Более того, развитие крестовых походов, сильно связанное с общей идеологией эпохи, вело к очищению и осознанию истинного духа кампании. Первоначальное представление о войне за «истинную веру» подразумевало непременную победу, и первые военные неудачи армий крестоносцев стали источником растерянности и смятения; но в конечном итоге, однако, они послужили выявлению высшего аспекта «священной войны». Несчастья крестового похода сравнивались римским духовенством с добродетельными неудачами, которые даруют награду лишь в иной жизни. Но, избрав такой подход, они уже стали близки к признанию чего-то высшего по отношению и к победе и к поражению; к пониманию наибольшей важности такого аспекта героических действий, который независим от любых видимых и материальных последствий, почти как жертва, которая через мужественное заклание всех человеческих элементов ведёт к бессмертной «вечной славе».
Можно видеть, что таким образом участники тех событий приближались к сверхтрадиционному плану, если понимать слово «традиция» в наиболее строгом, историческом и религиозном смысле.
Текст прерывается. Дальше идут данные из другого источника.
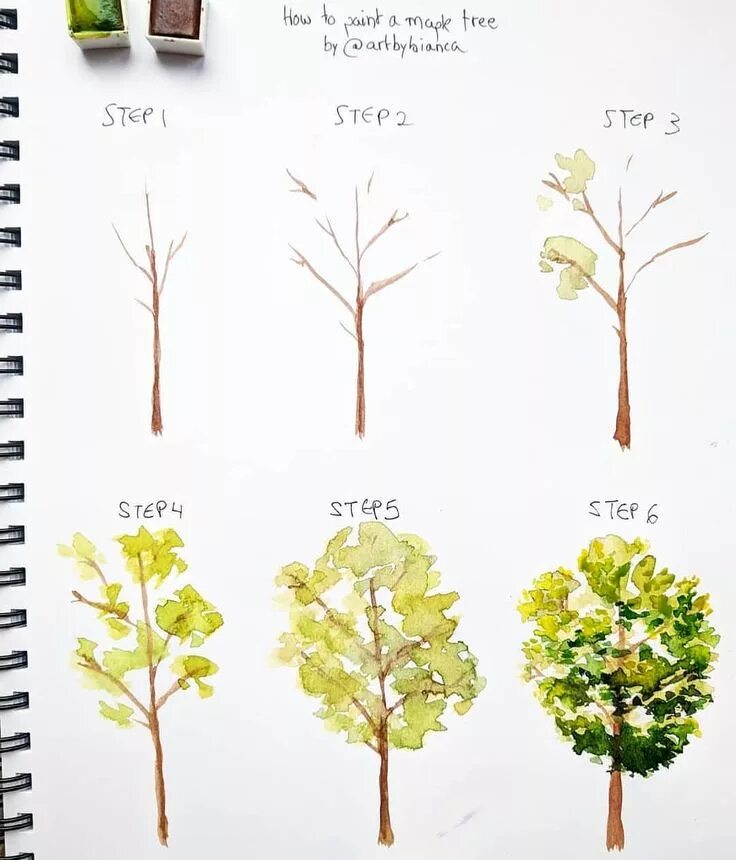 I can tree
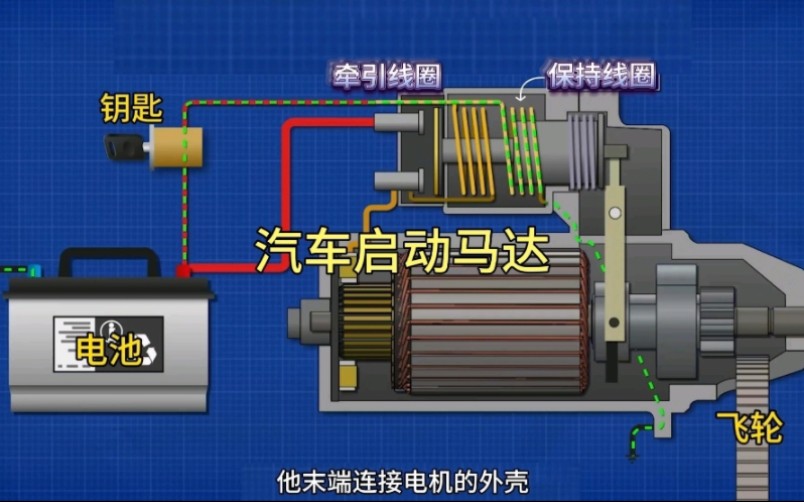 [图]汽车发动机启动机马达工作原理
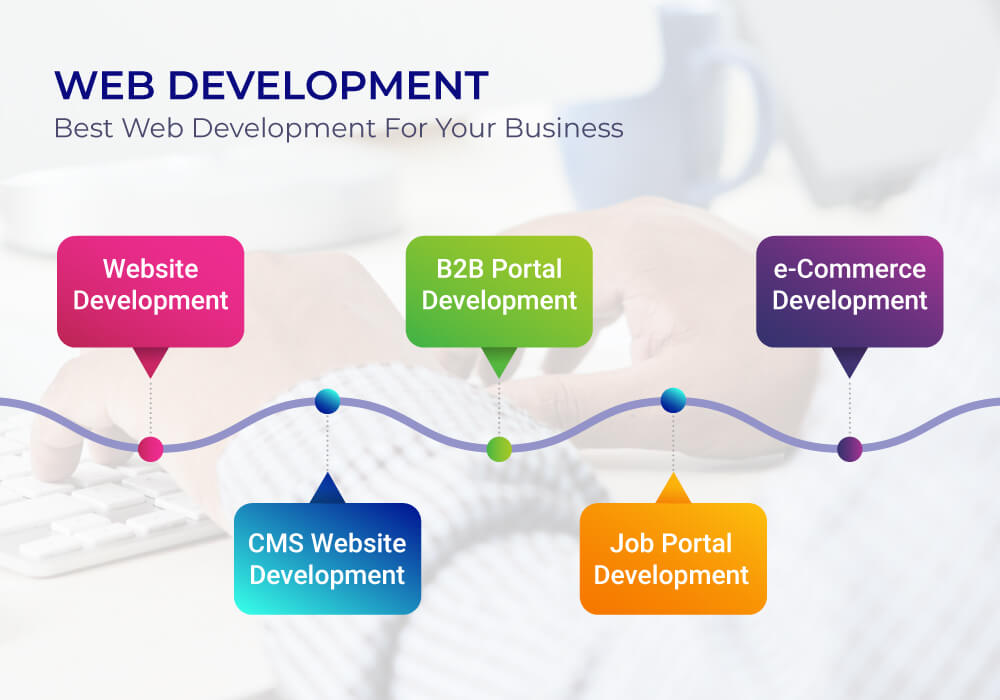 Web Development in Ahmedabad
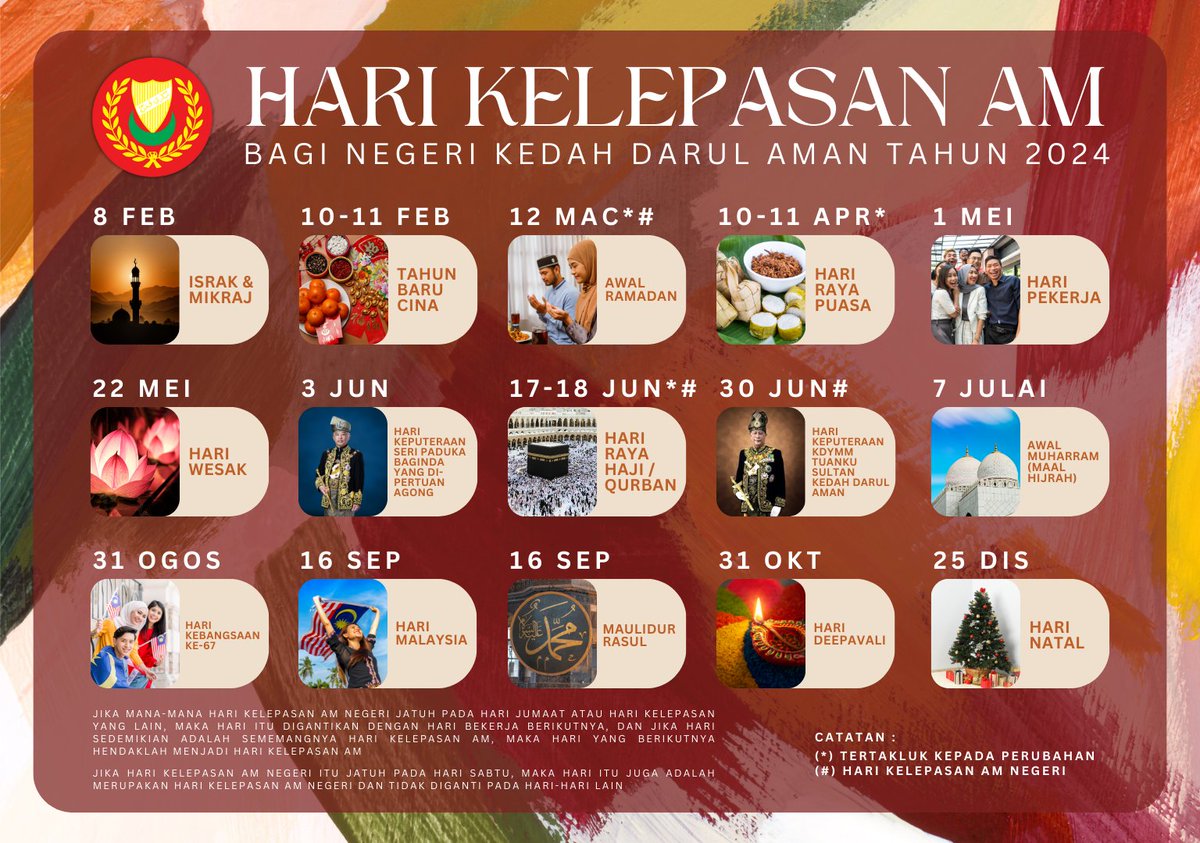 𝗛𝗔𝗥𝗜-𝗛𝗔𝗥𝗜 𝗞𝗘𝗟𝗘𝗣𝗔𝗦𝗔𝗡 𝗔𝗠 𝗗𝗔𝗟𝗔𝗠 𝗡𝗘𝗚𝗘𝗥𝗜 𝗞𝗘𝗗𝗔𝗛 𝗗𝗔𝗥𝗨𝗟 𝗔𝗠𝗔𝗡 𝗕𝗔𝗚𝗜 𝗧𝗔𝗛𝗨𝗡 𝟮𝟬𝟮𝟰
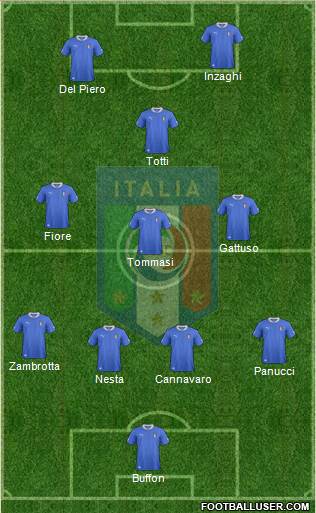Italy Formation 2013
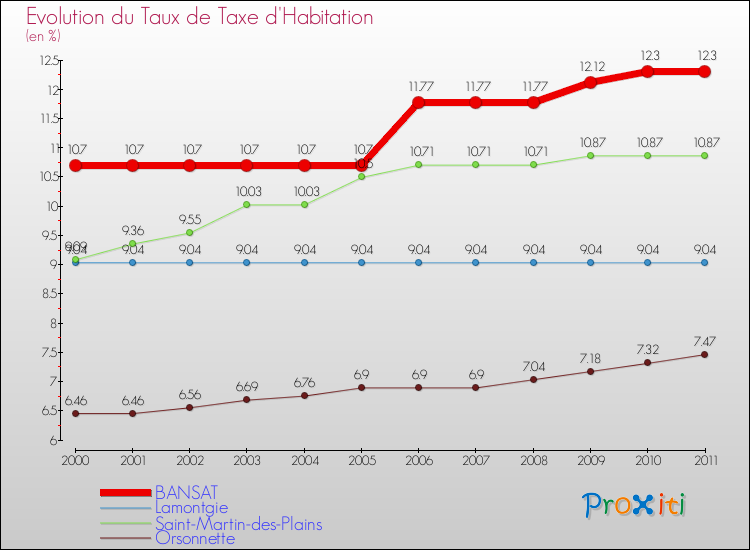 Evolution du taux de la taxe d'habitation pour BANSAT et les communes proches Comparaison des taux de la taxe d'habitation pour BANSAT et les communes voisines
Определённая религиозная вера, непосредственные цели, дух антагонизма стали только лишь средствами, неважными самими по себе, всего лишь топливом по своей природе, используемым для единственной цели — поддержания огня. Единственное, однако, что оставалось в фокусе — это сакральная ценность войны. И здесь становится возможным понимание того, что по ту сторону линии фронта война наделялась тем же традиционным смыслом.
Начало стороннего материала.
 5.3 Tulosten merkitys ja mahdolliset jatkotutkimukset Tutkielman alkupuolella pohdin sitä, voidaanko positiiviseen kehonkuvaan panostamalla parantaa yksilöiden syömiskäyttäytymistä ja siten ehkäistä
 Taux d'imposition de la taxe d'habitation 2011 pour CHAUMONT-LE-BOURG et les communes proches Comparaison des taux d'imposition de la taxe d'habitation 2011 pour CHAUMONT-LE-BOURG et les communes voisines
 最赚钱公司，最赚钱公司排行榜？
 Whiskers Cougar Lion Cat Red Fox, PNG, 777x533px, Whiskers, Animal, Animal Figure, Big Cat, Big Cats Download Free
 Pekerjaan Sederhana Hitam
В этом смысле, вопреки всему, крестовые походы способствовали культурному обогащению и взаимному обмену между гибеллинским Западом и арабским Востоком (который сам по себе являлся центром более древних элементов традиции); этот обмен имел куда большее значение, чем признают до сих пор большинство историков. Когда рыцари–крестоносцы столкнулись с рыцарями арабских орденов, бывших почти что их отражением, включая сходства в этике, обычаях, и порой даже в символах, тогда «священная война», противопоставившая две цивилизации во имя их религий, привела в то же время к их встрече — то есть, к осознанию того, что вопреки разной основе, обусловленной двумя различными верами, в конечном итоге они одинаково придали войне общую независимую духовную ценность.
7
Св. Бернар из Клерво (1090–1153) — французский аббат, имевший исключительное влияние на организацию второго крестового похода. —
8
Урбан XIII (1568–1644) был Папой Римским с 1623 по 1644 гг., на протяжении 21 года Тридцатилетней войны (1618–1648).